Laat ik met het eerste gezichtspunt mogen beginnen. ‘Het Woord aan het woord’ is een samenvatting van wat het N.B.G. in deze 150 jaar heeft beoogd en gedaan. Hier in Nederland, evenals elders in Europa, begon het als een tegenbeweging tegen de wijze waarop de franse revolutie en Napoleon het gevestigde bestel omwoelden. Een slapende christenheid werd wakker in een wereld die anders was dan men had gedroomd. Men kan zeggen dat de Bijbelgenootschappen de strijd wilden aanbinden met een macht die men toen vaag zag opdoemen en die wij nu de secularisatie noemen. De oprichters wisten: het geneesmiddel tegen de kwaal van onze verwarringen is, dat voor de scharen die geen herder hebben, het Woord aan het woord komt. Zo werd het N.B.G. één der eerste vormen van het moderne apostolaat.

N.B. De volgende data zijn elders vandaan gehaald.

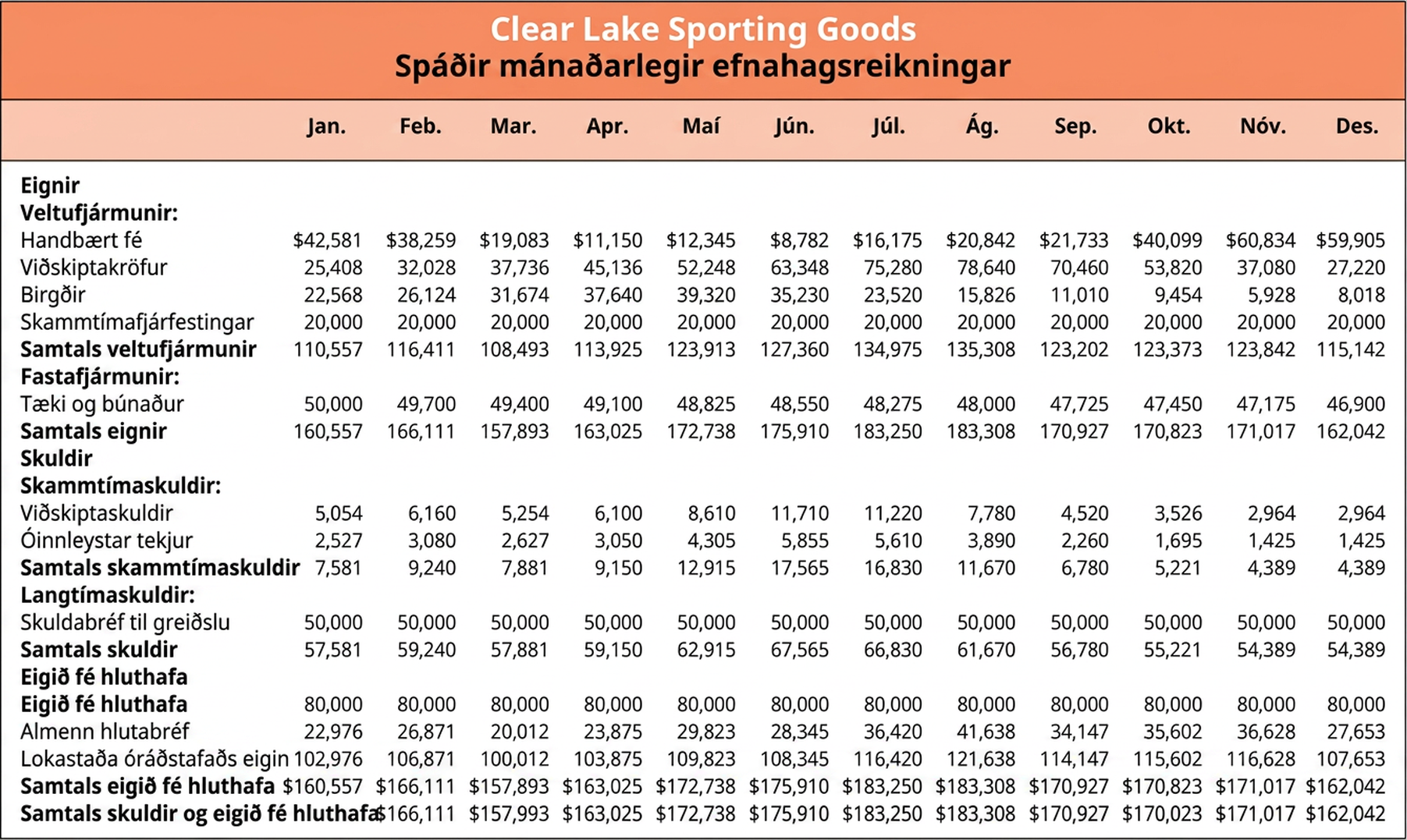 Spáður mánaðarlegur efnahagsreikningur fyrir Clear Lake Sporting Goods sýnir að liður fyrir handbært fé er bætt við undir veltufjármunum. Þessi fjárhæð spannar frá hámarki $60,834 í nóvember til lágmarks $8,782 í júní.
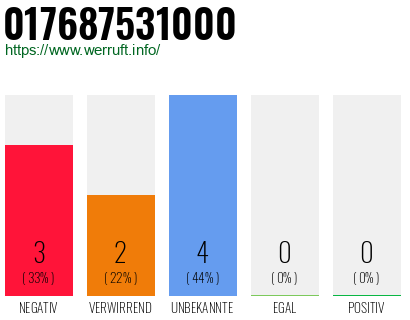Telefonnummer 017687531000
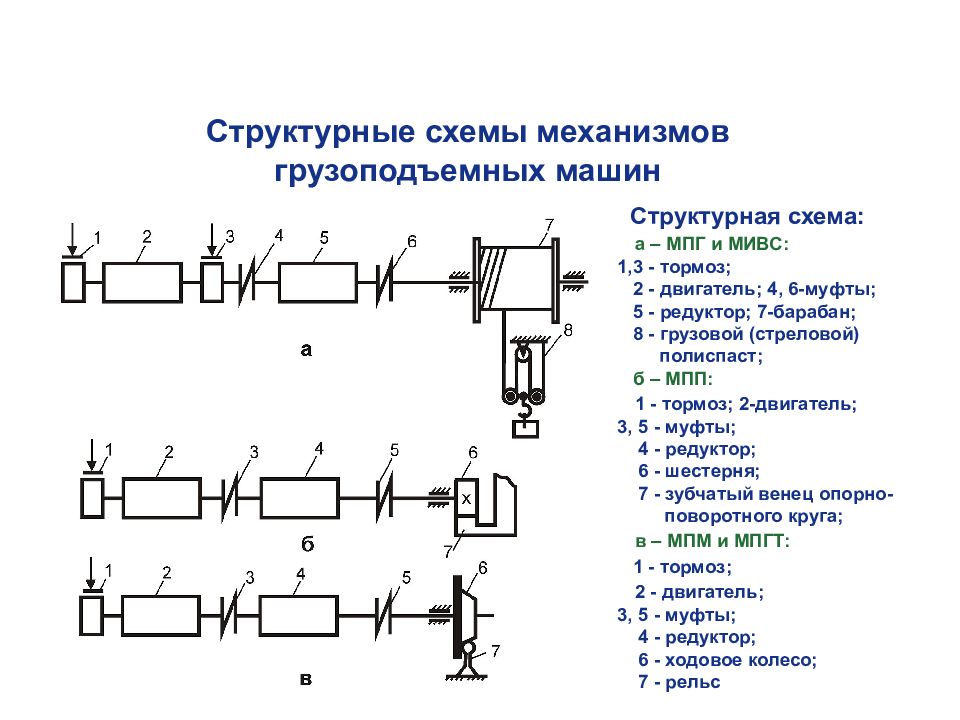 Схема гпм. Структурная схема грузоподъемной машины. Структурная схема механизма. Структурные схемы механизмов грузоподъемный машин. Структурная схема редуктора.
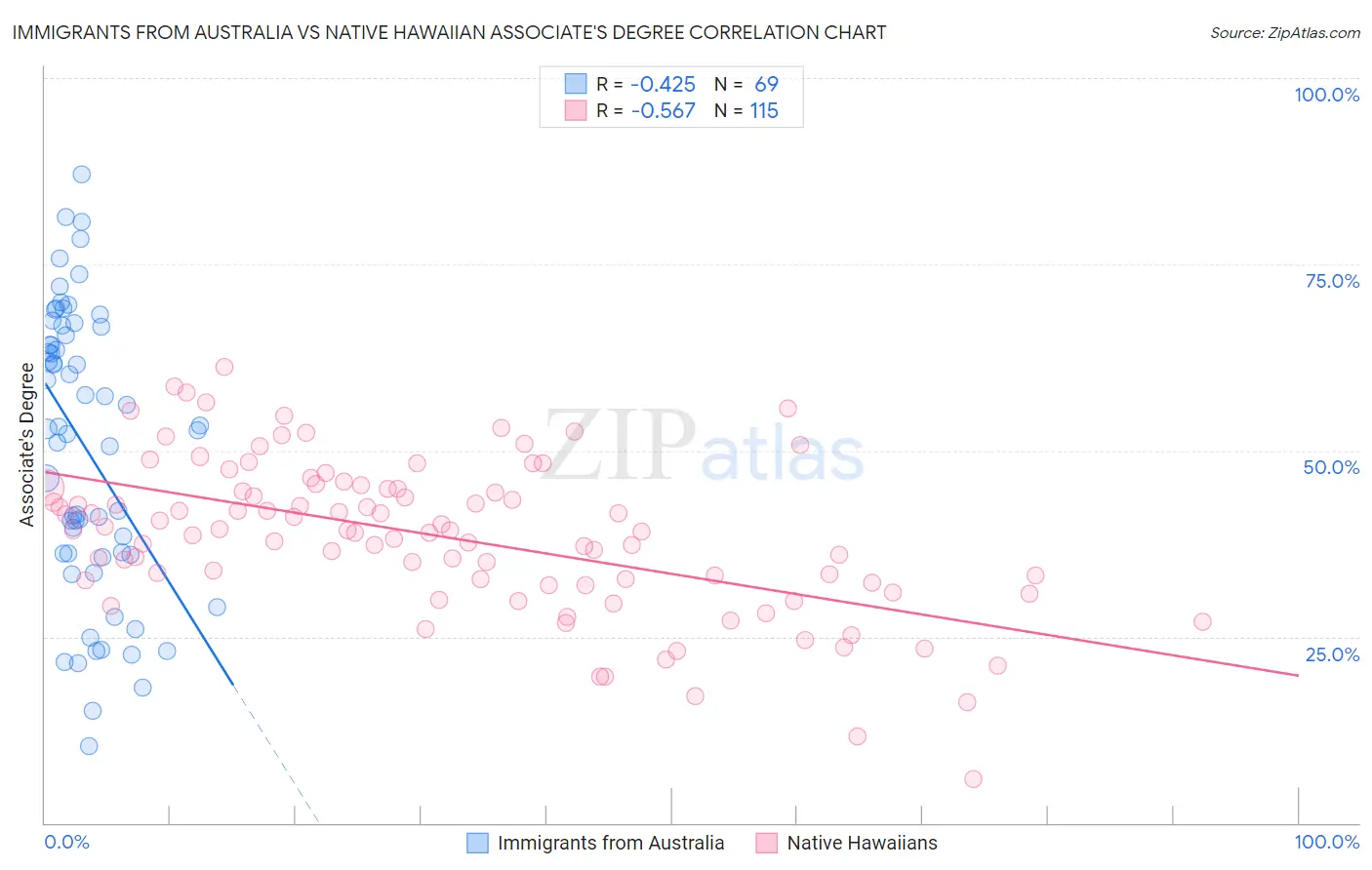 Immigrants from Australia vs Native Hawaiian Associate's Degree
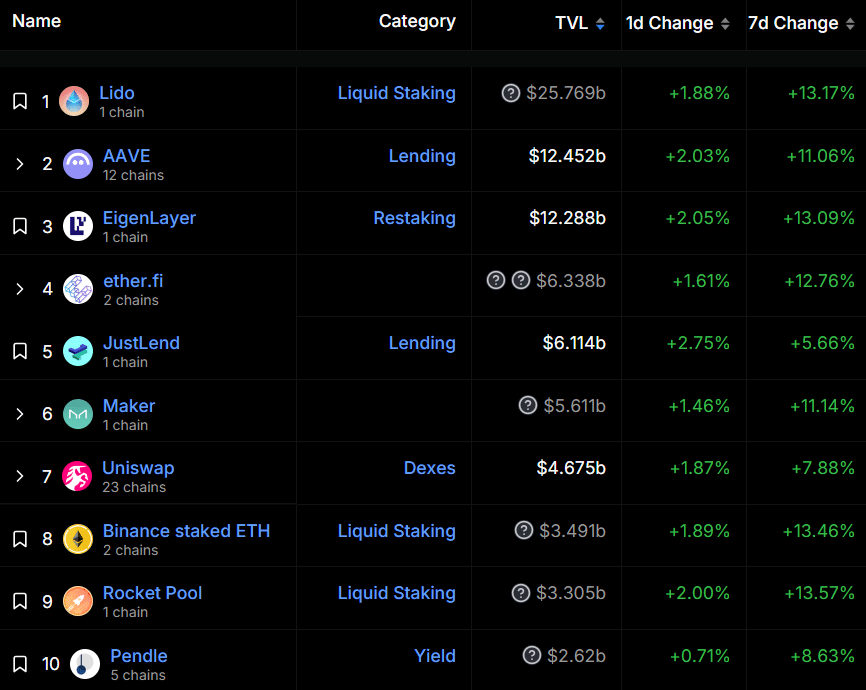 DeFi TVL reaches 1-month high, leading protocols surge - 1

Dat werd in nog veel sterker mate het geval, toen het N.B.G. kort daarna met zijn taal- en vertaalarbeid zijn krachtige schouders mee ging zetten onder het zendingswerk. Wat er op deze wijze missionair, maar ook taalkundig en cultureel voor Indonesië, Suriname en de Antillen is gedaan, en nu in Afrika is begonnen, is met geen pen te beschrijven. Ook al uit dat oogpunt is het te betreuren dat de grote ex-functionaris van het N.B.G., Kraemer, hier niet kan staan om daarover een getuigenis van binnen uit te geven.

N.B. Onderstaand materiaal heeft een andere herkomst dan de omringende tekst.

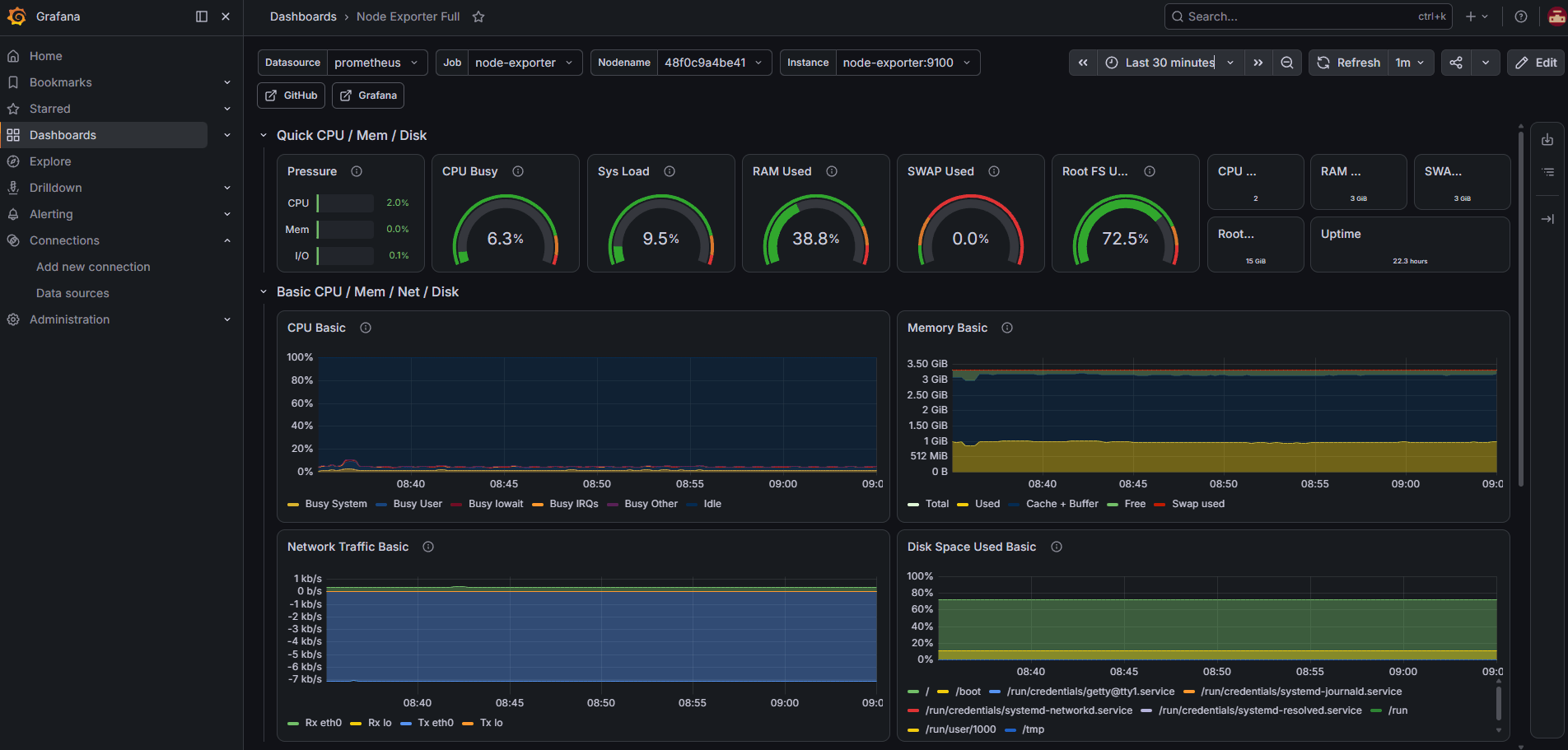 Infrastructure as Code & Observability screenshot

Intussen zou over de betekenis van het Bijbelgenootschap voor het pastoraat in Nederland al evenzeer een lofrede kunnen worden gehouden. Om de vindingrijkheid van Bijbeluitgaven in alle soorten en maten, voor de bespottelijk lage prijzen, om het gelijke tred houden met de modernste druktechniek, om het grootse ondernemen van een nieuwe Bijbelvertaling en om de durf, in de laatste jaren getoond, om door nóg moderner vertalingen en door zich met het Bijbelgebrúik te gaan bezighouden, het Woord in het Nederland van heden opnieuw en als nieuw aan het woord te laten komen. Een grootse en onmisbare dienst aan apostolaat en pastoraat beide.

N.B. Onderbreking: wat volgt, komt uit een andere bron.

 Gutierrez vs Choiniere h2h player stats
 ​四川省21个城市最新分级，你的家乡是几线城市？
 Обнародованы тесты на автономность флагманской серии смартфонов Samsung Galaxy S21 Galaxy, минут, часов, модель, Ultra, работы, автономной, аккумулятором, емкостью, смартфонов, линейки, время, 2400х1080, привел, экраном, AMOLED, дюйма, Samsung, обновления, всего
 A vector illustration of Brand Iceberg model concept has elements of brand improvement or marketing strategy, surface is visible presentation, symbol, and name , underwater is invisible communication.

Ik sta hier gelukkig niet als lofredenaar. De tijd zou trouwens veel te kort zijn om alle facetten te belichten. Ik noem dus nog maar één lijn waarlangs het Bijbelgenootschap het Woord aan het woord heeft laten komen: naast het apostolaire en het pastorale is er ook en in toenemende mate het oecumenische aspect geweest. Het N.B.G. vermijdt terecht, dat grote woord te gebruiken. De éénwording der kerken is geen zaak van een Bijbelgenootschap. En toch. Het N.B.G. heeft de vertegenwoordigers van nederlandse kerken, in een bredere scala dan ergens anders, bij elkaar weten te brengen om samen de Bijbel te vertalen en te verspreiden. En door juist zo zakelijk bezig te zijn met het gezag waaronder wij ons willen stellen, bleken we ook landelijk en plaatselijk de broederband nieuw te gaan beseffen en ontvankelijk te worden voor nieuwe herkenning en toenadering. Hoe [m]eer het Woord overal in onze kerken aan het woord komt, des te dringender en zuiverder komt de roep om onze eenheid aan de orde.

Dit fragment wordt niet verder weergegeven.